Try it – Output all of the material once more, so that every line matches the original exactly.
━━ Exercise materials ━━
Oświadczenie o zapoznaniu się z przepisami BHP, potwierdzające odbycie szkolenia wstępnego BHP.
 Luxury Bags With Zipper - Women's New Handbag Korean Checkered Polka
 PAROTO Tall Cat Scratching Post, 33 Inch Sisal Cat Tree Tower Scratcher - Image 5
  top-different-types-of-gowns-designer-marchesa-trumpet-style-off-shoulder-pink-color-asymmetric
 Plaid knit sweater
━━━
Output of the task –
Oświadczenie o zapoznaniu się z przepisami BHP, potwierdzające odbycie szkolenia wstępnego BHP.
 Luxury Bags With Zipper - Women's New Handbag Korean Checkered Polka
 PAROTO Tall Cat Scratching Post, 33 Inch Sisal Cat Tree Tower Scratcher - Image 5
  top-different-types-of-gowns-designer-marchesa-trumpet-style-off-shoulder-pink-color-asymmetric
 Plaid knit sweater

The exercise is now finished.